This is the mail archive of the
gcc-patches@gcc.gnu.org
mailing list for the GCC project.
RFC: [PATCH] Add __builtin_ia32_stack_top
- From: "H.J. Lu" <hongjiu dot lu at intel dot com>
- To: gcc-patches at gcc dot gnu dot org
- Cc: Uros Bizjak <ubizjak at gmail dot com>
- Date: Tue, 21 Jul 2015 14:45:39 -0700
- Subject: RFC: [PATCH] Add __builtin_ia32_stack_top
- Authentication-results: sourceware.org; auth=none
- Reply-to: "H.J. Lu" <hjl dot tools at gmail dot com>
When __builtin_frame_address is used to retrieve the address of the
function stack frame, the frame pointer is always kept, which wastes one
register and 2 instructions. For x86-32, one less register means
significant negative impact on performance. This patch adds a new
builtin function, __builtin_ia32_stack_top, to x86 backend. It
returns the stack address when the function is called.
Any comments, feedbacks?
Thanks.
H.J.
---
gcc/
PR target/66960
* config/i386/i386.c (ix86_expand_prologue): Sorry if DRAP is
used and the stack address has been taken.
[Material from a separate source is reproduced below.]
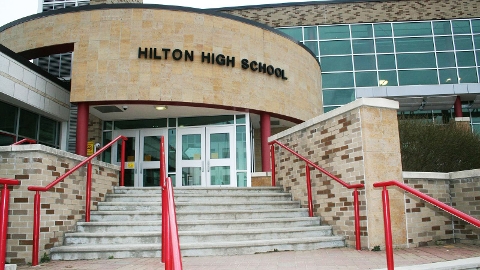 The Hilton Central School District upgraded to Genetec Security Center with the Omnicast™ video surveillance and Synergis™ access control systems to better protect students and faculty, and respond to events faster.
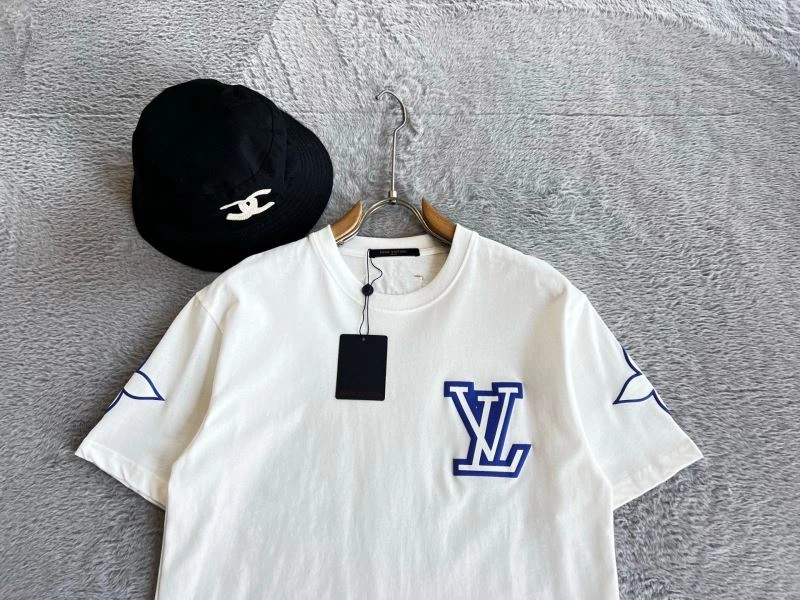 Louis Vuitton T-Shirts Chic 135352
(ix86_builtins): Add IX86_BUILTIN_STACK_TOP.
(ix86_init_mmx_sse_builtins): Add __builtin_ia32_stack_top.
(ix86_expand_builtin): Handle IX86_BUILTIN_STACK_TOP.
* config/i386/i386.h (machine_function): Add stack_top_taken.
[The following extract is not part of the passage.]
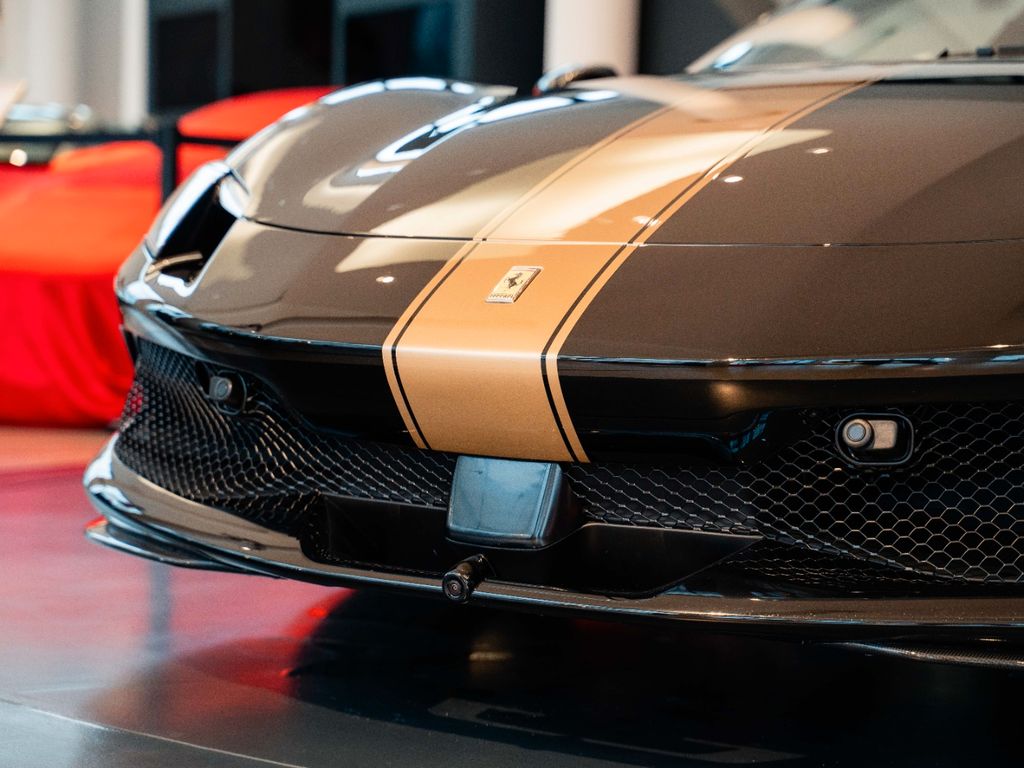 Ferrari 296 GTS 2025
* doc/extend.texi: Document __builtin_ia32_stack_top.
gcc/testsuite/
PR target/66960
* gcc.target/i386/pr66960-1.c: New test.
* gcc.target/i386/pr66960-2.c: Likewise.
* gcc.target/i386/pr66960-3.c: Likewise.
* gcc.target/i386/pr66960-4.c: Likewise.
---
gcc/config/i386/i386.c | 28 ++++++++++++++++++++++++++
gcc/config/i386/i386.h | 4 ++++
gcc/doc/extend.texi | 3 +++
gcc/testsuite/gcc.target/i386/pr66960-1.c | 33 +++++++++++++++++++++++++++++++
gcc/testsuite/gcc.target/i386/pr66960-2.c | 33 +++++++++++++++++++++++++++++++
gcc/testsuite/gcc.target/i386/pr66960-3.c | 17 ++++++++++++++++
gcc/testsuite/gcc.target/i386/pr66960-4.c | 21 ++++++++++++++++++++
7 files changed, 139 insertions(+)
create mode 100644 gcc/testsuite/gcc.target/i386/pr66960-1.c
create mode 100644 gcc/testsuite/gcc.target/i386/pr66960-2.c
create mode 100644 gcc/testsuite/gcc.target/i386/pr66960-3.c
create mode 100644 gcc/testsuite/gcc.target/i386/pr66960-4.c
diff --git a/gcc/config/i386/i386.c b/gcc/config/i386/i386.c
index 8b9baf8..a252473 100644
--- a/gcc/config/i386/i386.c
+++ b/gcc/config/i386/i386.c
@@ -11613,6 +11613,12 @@ ix86_expand_prologue (void)
{
int align_bytes = crtl->stack_alignment_needed / BITS_PER_UNIT;
+ /* Can't use DRAP if the stack address has been taken. */
+ if (cfun->machine->stack_top_taken)
+ sorry ("%<__builtin_ia32_stack_top%> not supported with stack"
+ " realignment. This may be worked around by adding"
+ " -maccumulate-outgoing-arg.");
+
/* Only need to push parameter pointer reg if it is caller saved. */
if (!call_used_regs[REGNO (crtl->drap_reg)])
{
@@ -30779,6 +30785,9 @@ enum ix86_builtins
IX86_BUILTIN_READ_FLAGS,
IX86_BUILTIN_WRITE_FLAGS,
+ /* Get the stack address when the function is called. */
+ IX86_BUILTIN_STACK_TOP,
+
IX86_BUILTIN_MAX
};
@@ -34391,6 +34400,10 @@ ix86_init_mmx_sse_builtins (void)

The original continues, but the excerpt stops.